To change display options in the plot, right-click the plot to access the context menu. For example, to view the confidence region for the simulated response, select ConfidenceRegion from the context menu. To specify number of standard deviations to plot, double-click the plot and open the Property Editor dialog box. In the dialog box, in the Options tab, specify the number of standard deviations in Confidence Region for Identified Models. The default value is `1` standard deviation.

## Tips

• Right-clicking the plot opens the context menu, where you can access the following options:

• Systems — Select systems to view simulated or predicted response. By default, the response of all systems is plotted.

• Data Experiment — For multi-experiment data only. Toggle between data from different experiments.

• Characteristics — View the following data characteristics:

• Peak Value — View peak value of the data. Not applicable for frequency-response data.

• Peak Response — View peak response of the data. Applicable for frequency-response data only.

• Mean Value — View mean value of the data. Not applicable for frequency-domain or frequency-response data.

• Confidence Region — View the confidence region for the simulated response. Applicable when the prediction horizon is `Inf`. To specify number of standard deviations for plotting the response confidence region, double-click the plot and open the Property Editor dialog box. Specify the number of standard deviations in the Options tab, in Confidence Region for Identified Models. The default value is `1` standard deviation.

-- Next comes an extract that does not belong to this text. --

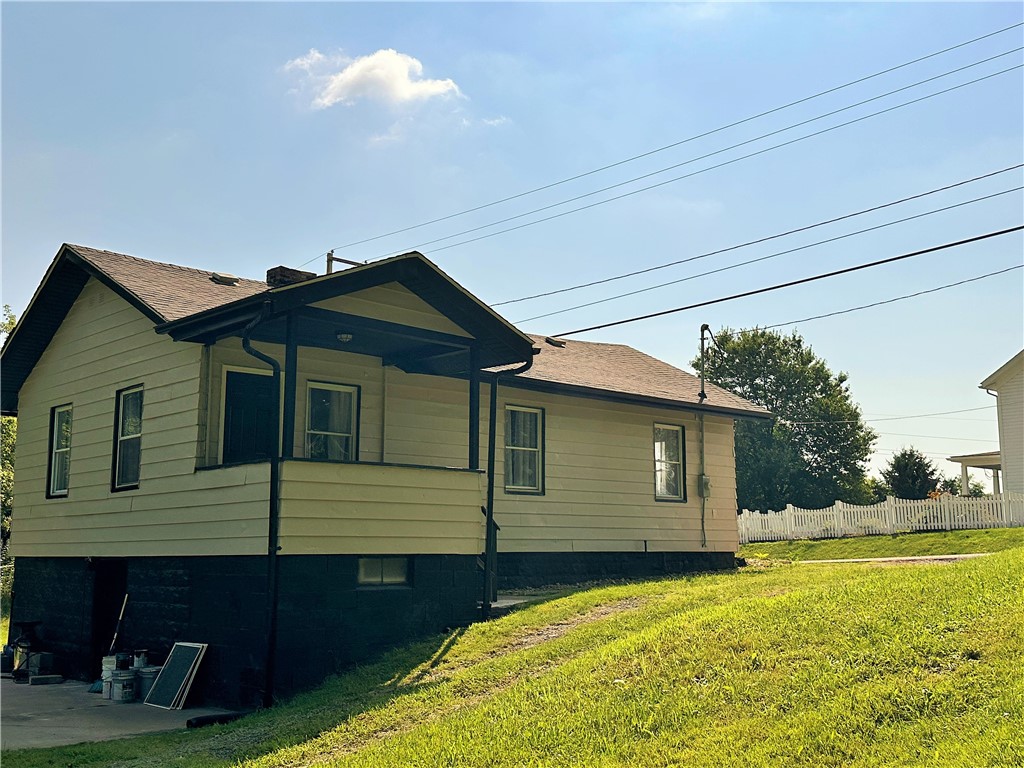 1747 Galilee Rd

• Show — For frequency-domain and frequency-response data only.

• Magnitude — View magnitude of frequency response of the system.

• Phase — View phase of frequency response of the system.

• Show Validation Data — Plot validation data. By default, the validation data is always plotted.

• I/O Grouping — For datasets containing more than one input or output channel. Select grouping of input and output channels on the plot.

• None — Plot input-output channels in their own separate axes.

• All — Group all input channels together and all output channels together.

• I/O Selector — For datasets containing more than one input or output channel. Select a subset of the input and output channels to plot. By default, all output channels are plotted.

• Grid — Add grids to the plot.

• Normalize — Normalize the y-scale of all data in the plot.

• Full View — Return to full view. By default, the plot is scaled to full view.

• Prediction Horizon — For time-domain data with noise-component only. Set the prediction horizon, or choose simulation.

• Initial Condition — Specify handling of initial conditions. Not applicable for frequency-response data.

Specify as one of the following:

• Estimate — Treat the initial conditions as estimation parameters.

• Zero — Set all initial conditions to zero.

• Absorb delays and estimate — Absorb nonzero delays into the model coefficients and treat the initial conditions as estimation parameters. Use this option for discrete-time models only.

• Model Response Plot — Plot the simulated or predicted model response. Be default, the response plot is always shown.

• Error Plot — Plot the error between the model response and validation data.

• Properties — Open the Property Editor dialog box to customize plot attributes.